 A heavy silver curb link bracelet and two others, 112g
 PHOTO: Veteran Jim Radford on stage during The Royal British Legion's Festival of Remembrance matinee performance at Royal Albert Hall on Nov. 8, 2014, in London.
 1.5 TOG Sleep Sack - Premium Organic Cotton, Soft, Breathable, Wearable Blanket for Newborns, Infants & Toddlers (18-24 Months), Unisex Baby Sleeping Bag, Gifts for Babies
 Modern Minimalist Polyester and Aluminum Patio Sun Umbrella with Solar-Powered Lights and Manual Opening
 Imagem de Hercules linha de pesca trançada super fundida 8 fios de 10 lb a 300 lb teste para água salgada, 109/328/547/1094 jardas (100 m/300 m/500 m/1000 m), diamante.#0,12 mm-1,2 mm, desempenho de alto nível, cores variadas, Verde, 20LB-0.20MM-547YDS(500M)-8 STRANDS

================

- _EXERCISE_
All lines from the one that contains "1.5 TOG Sleep" to the last line above must be given again exactly, with both included and nothing added.

- _OUTPUT FOR THIS EXERCISE_
 1.5 TOG Sleep Sack - Premium Organic Cotton, Soft, Breathable, Wearable Blanket for Newborns, Infants & Toddlers (18-24 Months), Unisex Baby Sleeping Bag, Gifts for Babies
 Modern Minimalist Polyester and Aluminum Patio Sun Umbrella with Solar-Powered Lights and Manual Opening
 Imagem de Hercules linha de pesca trançada super fundida 8 fios de 10 lb a 300 lb teste para água salgada, 109/328/547/1094 jardas (100 m/300 m/500 m/1000 m), diamante.#0,12 mm-1,2 mm, desempenho de alto nível, cores variadas, Verde, 20LB-0.20MM-547YDS(500M)-8 STRANDS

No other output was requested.